[Work task]
Beneath this task are records; print exactly the stretch of them from the line with "2025年1月から2026年4月までのタングステン価格推移" through the line with "2022年2月17日 11:06前後のの株価チャート", both ends included.

[Records for this task]
---

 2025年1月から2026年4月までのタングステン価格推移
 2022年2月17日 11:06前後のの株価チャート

---

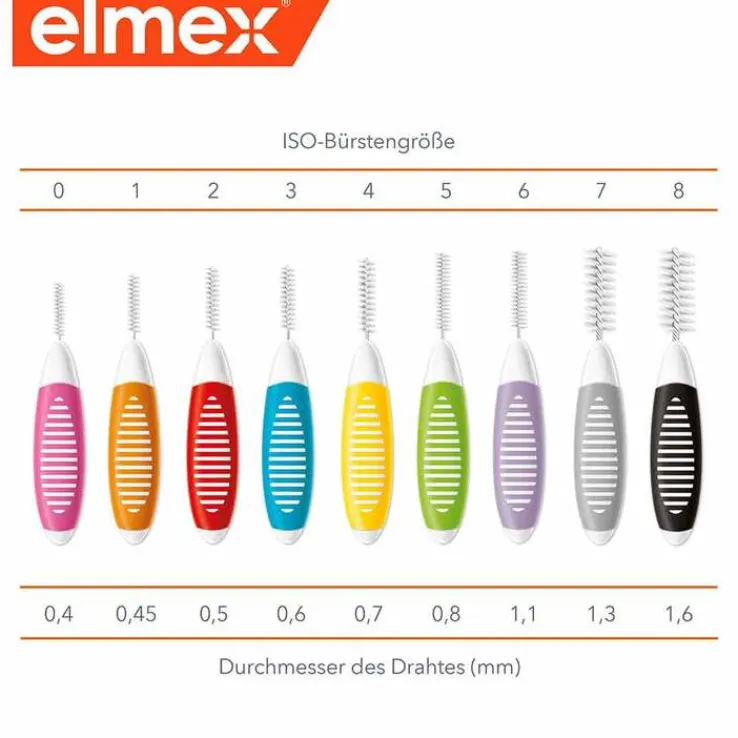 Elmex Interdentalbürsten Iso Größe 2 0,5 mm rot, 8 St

---

[Answer to this task]
 2025年1月から2026年4月までのタングステン価格推移
 2022年2月17日 11:06前後のの株価チャート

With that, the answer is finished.